The uncertainty generated by Europe's woes, the cooling trend now emerging in China and sluggish manufacturing elsewhere in Asia and the rest of the major world and the RBA continued its pause.
So the trade surplus came as something of a surprise, given what was happening elsewhere. And you'd be right to ak, how long can this flow of gold continue?
Without the high prices for iron ore and coal, Australia would be struggling with a big deficit and not a surplus that will continue for some months to come, if not longer.
That surplus of more than $1.6 billion was up from the upwardly revised $1.123 billion surplus in April ($134 million originally, so the revision was large and very material).
The revision was made to better reflect the huge increases in iron ore and coal contract prices that started from April 1.
So exports of goods and services climbed 6% in May to $24.75 billion, the highest since November 2008, when the last boom in iron ore and coal (coal prices were much higher) was in full swing.

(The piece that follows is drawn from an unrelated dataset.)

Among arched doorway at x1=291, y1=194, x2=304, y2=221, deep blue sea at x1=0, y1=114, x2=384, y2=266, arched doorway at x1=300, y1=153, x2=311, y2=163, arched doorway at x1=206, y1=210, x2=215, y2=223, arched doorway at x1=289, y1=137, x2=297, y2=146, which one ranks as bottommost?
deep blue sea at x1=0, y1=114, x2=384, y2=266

Imports rose 3.9% to $23.08 billion, with a 10% jump in imports of capital goods suggestive of strong business investment in coming months.
The impact of the higher iron ore and coal prices can be seen from the change in our trade position from March (the last month of the Japanese contract year and most pricing agreements for 2009-10) and May (the second month of the 2010-11 Asian contract year).
In March seasonally adjusted exports were $20.52 billion, in May that had jumped more than 20% to $24.72 billion.
In complete contrast, imports only rose 3.9%, or $883 million, in the three months to $23.08 million, with most of that rise coming in May.
Our terms of trade rose 4.2% in the March quarter and the RBA and other forecasters believe it could rise by up to 20% over 2010.